Indeed, such shifts in momentum have been evident in Princeton’s last three losses. Against the league’s current top teams (Harvard, Yale and Columbia) the Tigers gained double-digit advantages in the first half, only to come out cold in the second half on all three occasions.
The Tigers face a Yale team that has been their mirror opposite this season: less than stellar inter-conference play, outstanding performance during Ivy League competition. The Bulldogs come into this game second in the Ivy League, smarting from a recent loss to the streaking Columbia Lions. They look to get strong performances from their combination of forwards, Armani Cotton and Justin Sears. Cotton especially could prove to be a handful for the Tigers, averaging 12.6 points and 7.5 rebounds per game in league play. Moreover, the Tigers continue to underperform in offensive rebounding, ranking dead last in the Ivy League in this category. Sears has also come on strong in the pursuit for the Ivy League crown. He comes into Jadwin Gymnasium averaging 15.8 points per game and 6.9 rebounds per game, Yale’s leader in both areas.
Likewise, Brown looks to be no easier an opponent. The Bears (14-10, 6-4) are currently tied with Columbia for third in the league, and are fresh off of a gutsy win against Cornell in overtime. With only four games left in the regular season, they will need every win just to stay alive in the hunt for an NCAA tournament spot. Brown come in this weekend with a budding arsenal of offensive weapons. As in previous contests, one of the key points for the Tigers will be containing Sean McGonagill, who has been one of the conference’s most dangerous scorers all season. Recently, however, he has struggled with his shot, only scoring double digits in one of his last three games. Moreover, Brown could be playing again without their leading rebounder and three-point shooter, Rafael Maia, who missed both of last weekend’s games with an ankle injury.
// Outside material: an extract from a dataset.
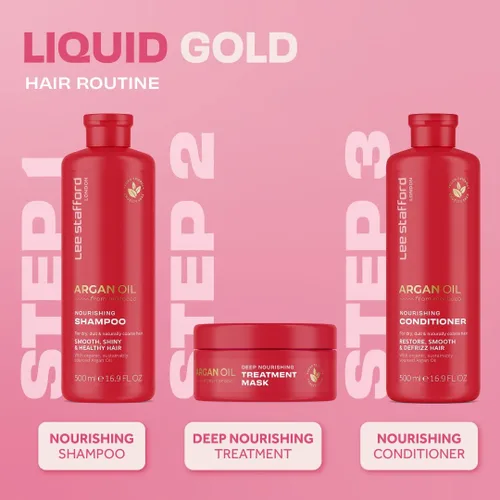 Miniatura 4 de Lee Stafford Champú hidratante Colección de aceite de argán – Lo mejor para el cabello teñido y opaco para reparar e hidratar para un brillo suave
Despite these misfortunes, other players have been stepping up to fill the void on offense. Cedric Kuakumensah, probably the Ivy League’s best defensive force this season, has asserted himself down the closing stretch of the season. His offensive prowess was on full display at Cornell’s last game, where he manhandled the Big Red for 30 points, 14 rebounds, and 7 blocks. Moreover, freshman forward Leland King will be a threat to watch out for, as he has ramped up his offensive production since the last time Brown faced Princeton. Despite being out of contention for the Ivy League championship, this is a Tiger team committed to day-by-day excellence. Brase said, despite the season’s setbacks, “the team has no change in attitude. [We’re still] trying to win every game, [still taking] the same approach. But it’s a pride thing now. Teams are still scared of us because they know what we can do.”